Las ruedas de la energía.
El ser humano posee un cuerpo pránico o energético constituido por una enorme red de canales – o nadis- por los cuales circula la energía; y un cierto número de centros de acumulación, transformación y redistribución de la energía, llamados chakras (ruedas) o padmas (lotos). Su forma es circular y están en continuo movimiento. Los nadis se corresponden con los nervios y vasos sanguíneos, y los chakras con los plexos nerviosos. Los tres nadis principales corren paralelos a la columna vertebral y son: sushumna o central, ida y píngala.

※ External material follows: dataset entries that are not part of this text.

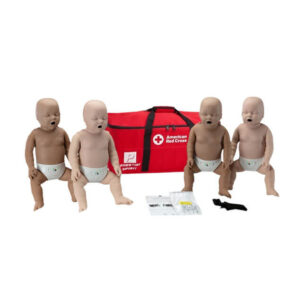 Prestan Diverse Skin-Tone Infant CPR Manikins with CPR Monitors, Tan and Brown Skin (4-Pack)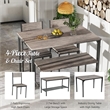 4pcs Dining Table Set Rustic Desk 2 Chairs and Bench Gray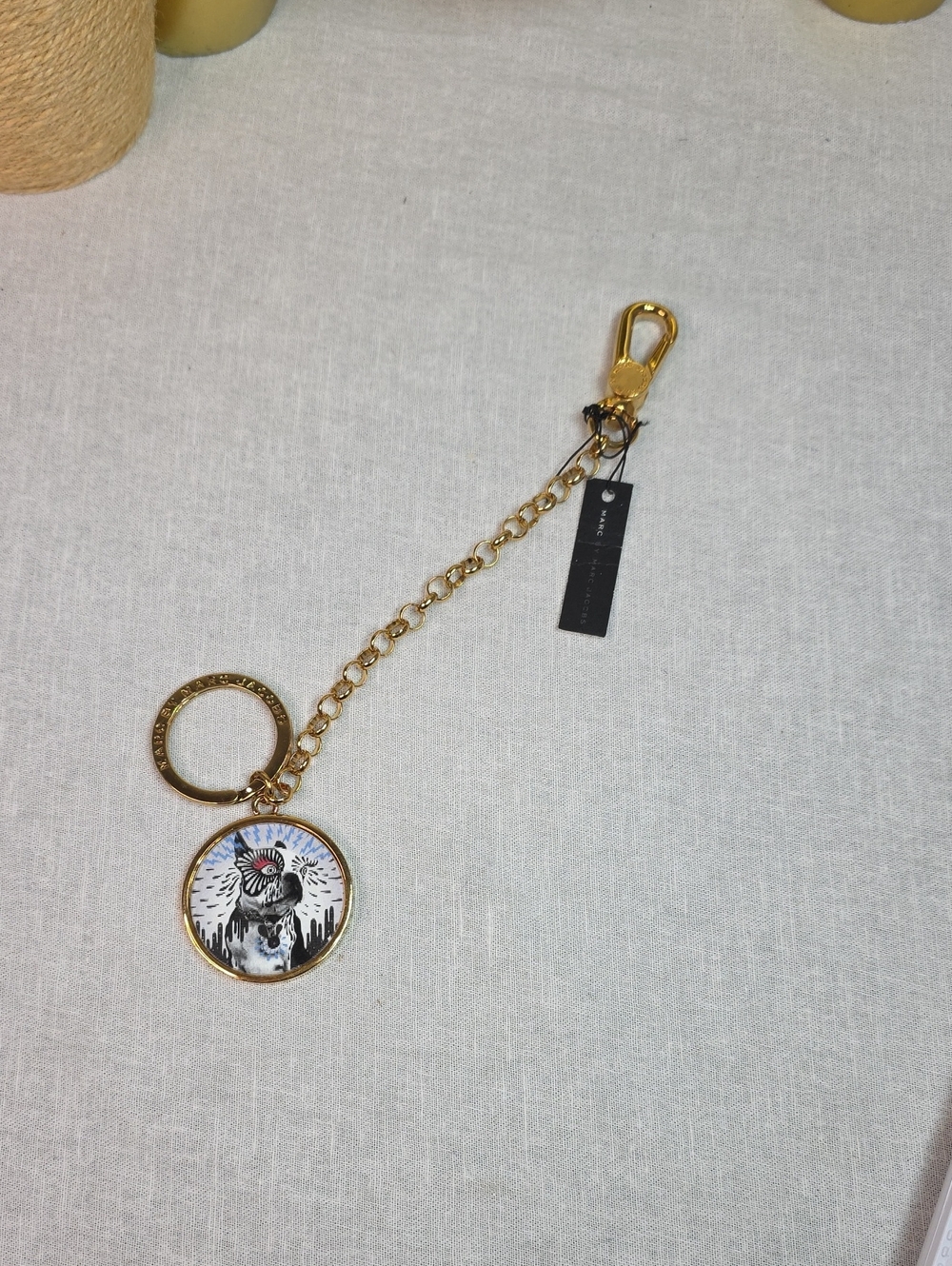 Marc by Marc Jacobs Gold-Tone Boston Terrior Charm Keychain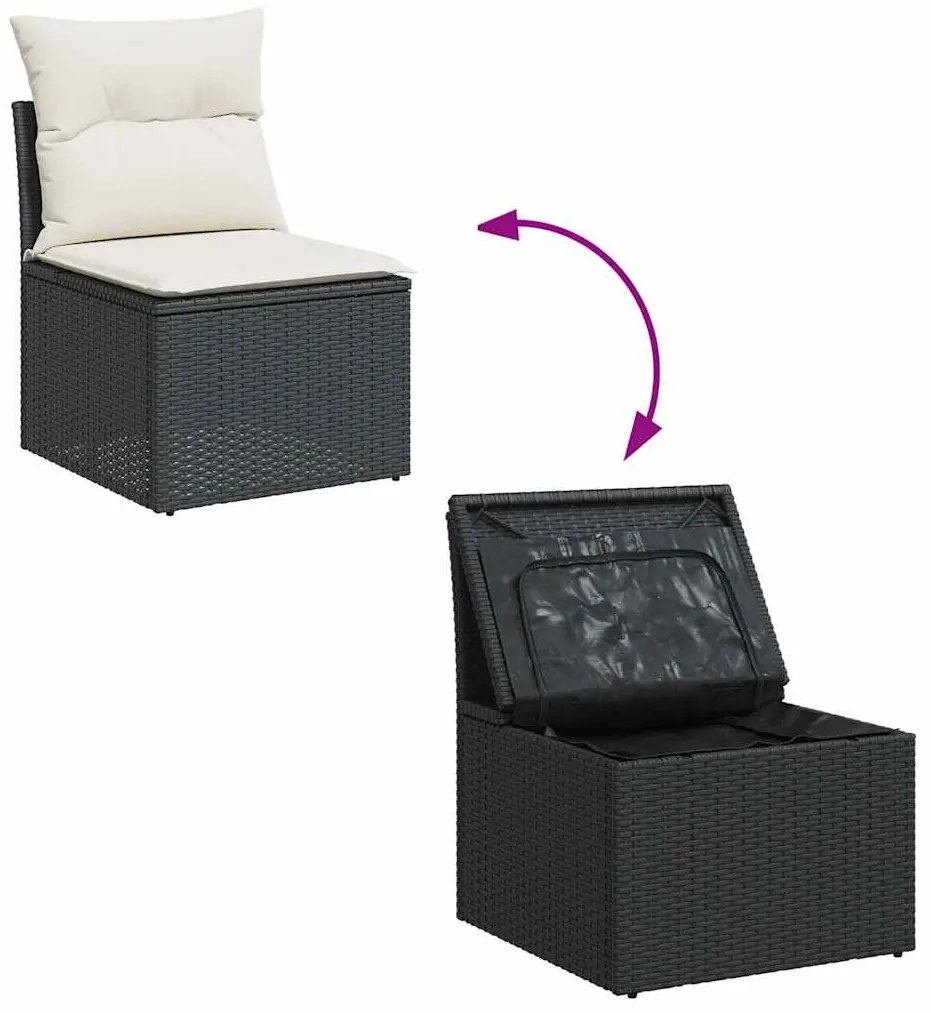 7 pcs conjunto de sofás p/ jardim c/ almofadões vime PE preto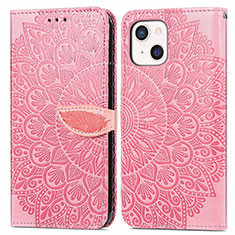 Custodia Portafoglio In Pelle Fantasia Modello Cover con Supporto H13 per Apple iPhone 13 Oro Rosa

En su papel de transformadores de energía pránica, los chakras se encargan de convertirla en energía psíquica y fisiológica. En el rol de distribuidores, regulan su empleo por intermedio de los nadis. Los chakras son siete:
muladhara (centro bajo) Svadhisthana (plexo epigástrico) Manipura (plexo solar) Anahata (plexo cardíaco) Vishudda (plexo laríngeo) Ajna o frontal (plexo cavernoso) Sahasrara (corteza cerebral)

Armonización de chakras

Armonización de chakras:
Armonizar los chakras suele ser un buen modo de llevar a cabo una sesión básica de reiki, aunque existen sistemas que trabajan sobre otros diecisiete centros. La técnica es sencilla, pues se tratan los chakras de a pares, de afuera hacia adentro, del siguiente modo:
• Coloque sus manos sobre el Г y 6o chakras del paciente, es decir sobre el chakra raíz y el frontal. El objetivo es que entre ambos se cree un circuito armónico, por eso usted deberá dejar sus manos apoyadas hasta que perciba una sensación similar en ambas manos, tal vez un agradable cosquilleo o un suave calor.
• Repita la operación pero ahora entre los chakras 2° y 5o, es decir el sexual y el de la garganta. También aquí debe generarse una corriente suave y armónica de energía.

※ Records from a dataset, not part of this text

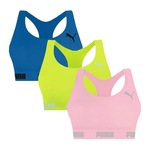 Kit Top Fitness Puma Nadador sem Costura - 3 Unidades - Feminino AZUL ESC/ROSA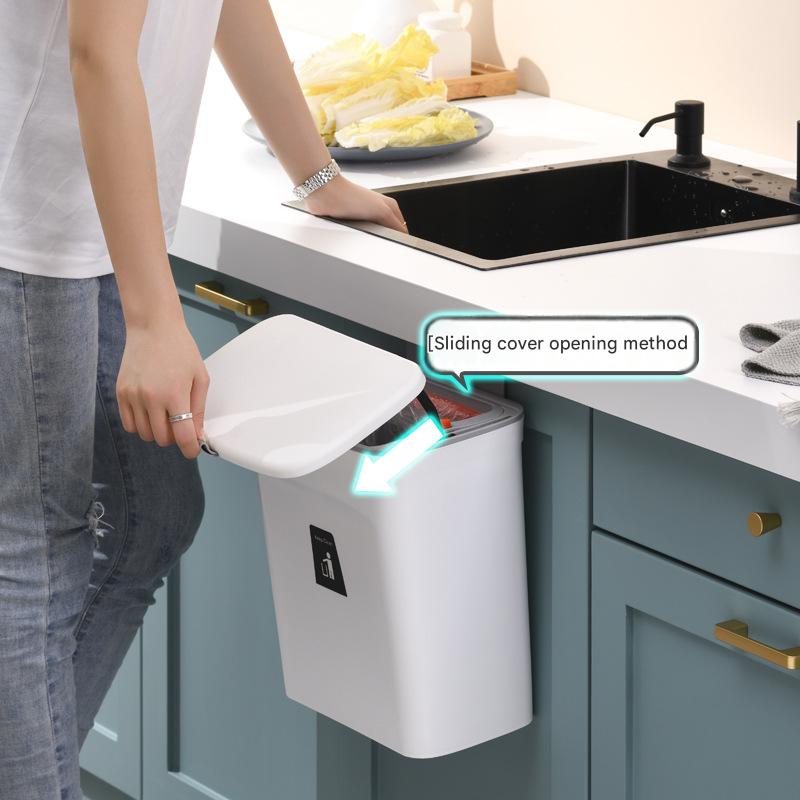Thickened Office Sliding Lid Garbage Basket, Household Bedroom Bathroom Kitchen Portable Flip Top Kitchen Waste Wall-mounted Trash Can
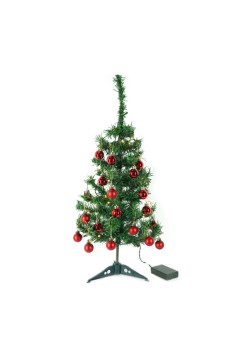 Brad Artificial 60 cm Impodobit cu suport plastic si instalatie luminoasa 20 LED-uri Alb Cald si 20 globuri Rosii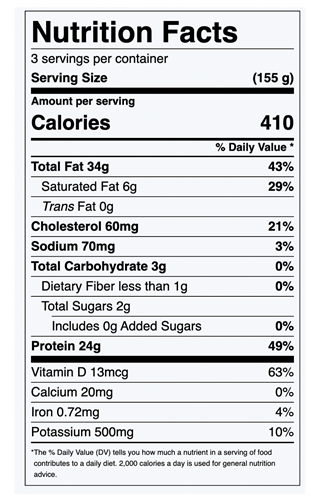 Walnut or Almond Encrusted Salmon Nutrition Label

• Finalmente apoye sus palmas en los chakras 3° y 4o, es decir en el del plexo solar y el cardíaco. Además del flujo regular es probable que usted note cómo la respiración del paciente se estabiliza.

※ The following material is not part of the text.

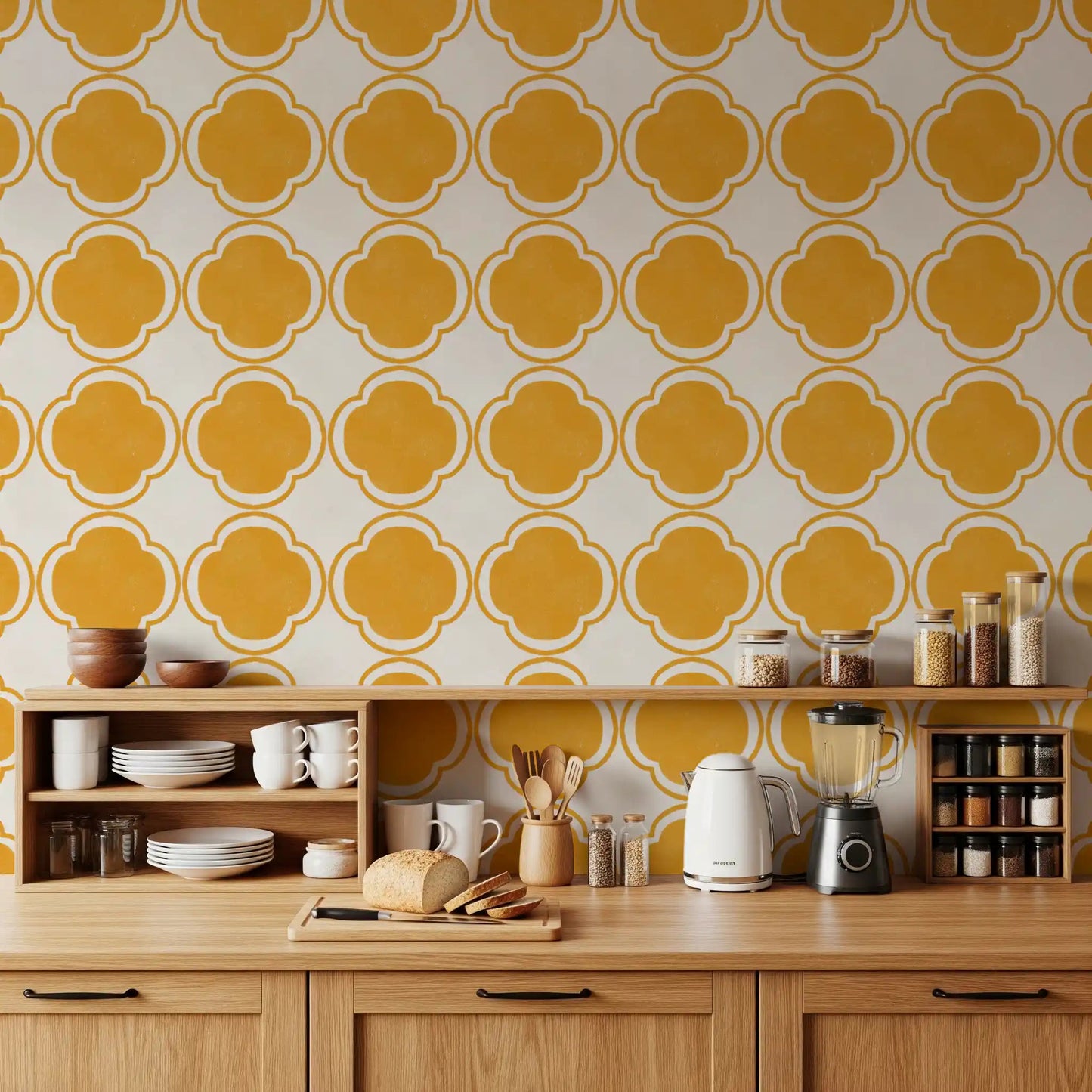 Mediterranean Quatrefoil Decor - Yellow Wallpaper⁠GD9143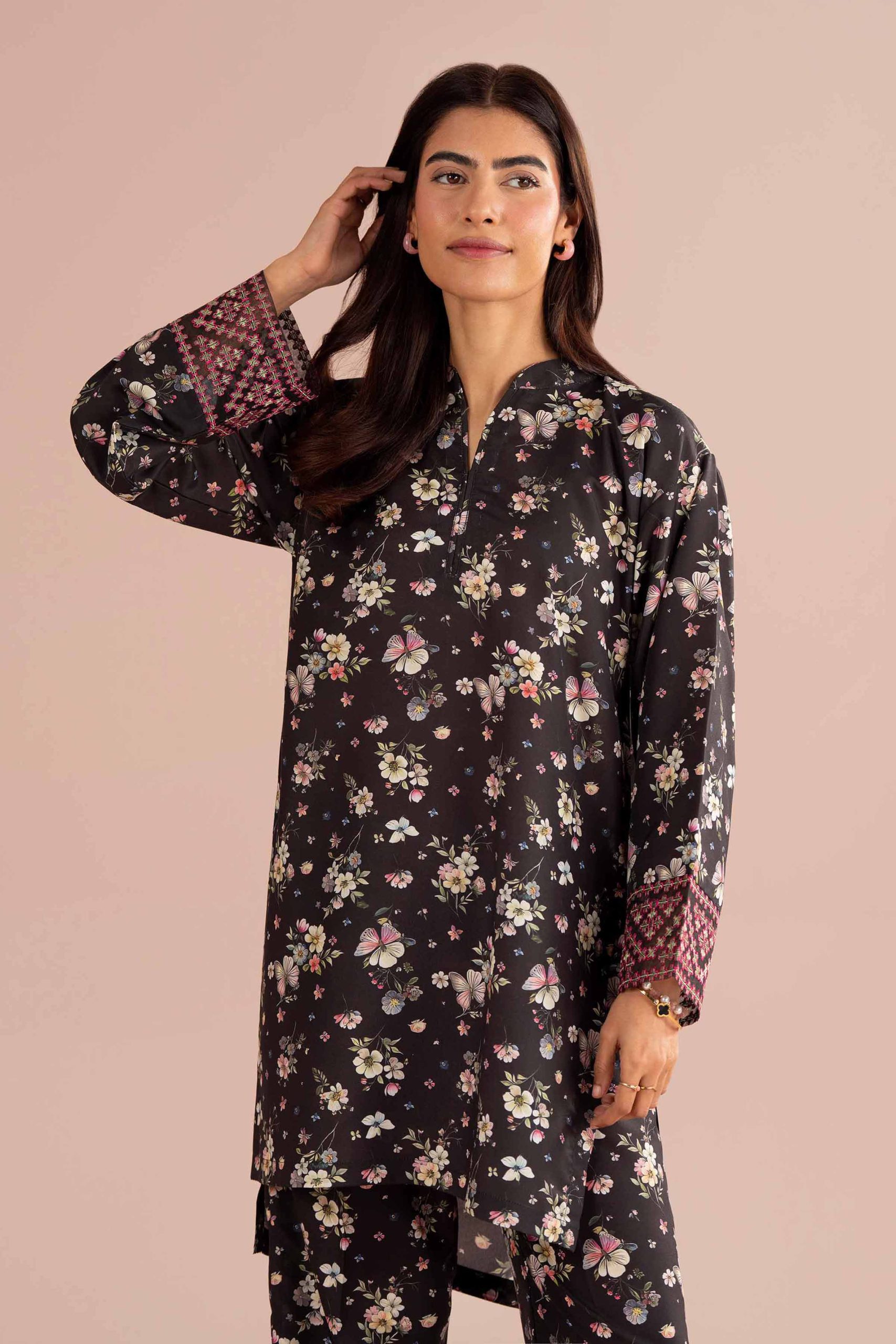 2 Piece - Printed Embroidered Suit - PE26-414 - Image 2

• Ahora coloque su mano izquierda debajo del ombligo de su paciente y lentamente vaya deslizando su mano derecha sobre todo su cuerpo, sin tocarlo, comenzando por la cabeza hasta llegar a los pies. Al llegar a los pies permanezca unos segundos y deslice esta vez la mano hasta llegar a la cabeza. Repita tres veces en total.

Los 7 chakras

1° Chakra raíz
El primer chakra, el centro coccígeno, está relacionado con la cantidad de energía física que poseemos y con el deseo de vivir en la realidad física. Tanto las depresiones como la agresividad extrema se relacionan con el exceso o la deficiencia de energía de este sector. La impaciencia, la dependencia y los problemas para administrar el tiempo son otras manifestaciones psicológicas de disfunciones en este chakra, tal como lo son a nivel físico las enfermedades en el intestino grueso, ano, columna vertebral, dientes o huesos.
2° Chakra sexual
Debemos pensarlo como un sistema de dos polos: uno es el centro púbico, el delantero, y su compañero es el centro sacro, en el tramo inferior de la columna.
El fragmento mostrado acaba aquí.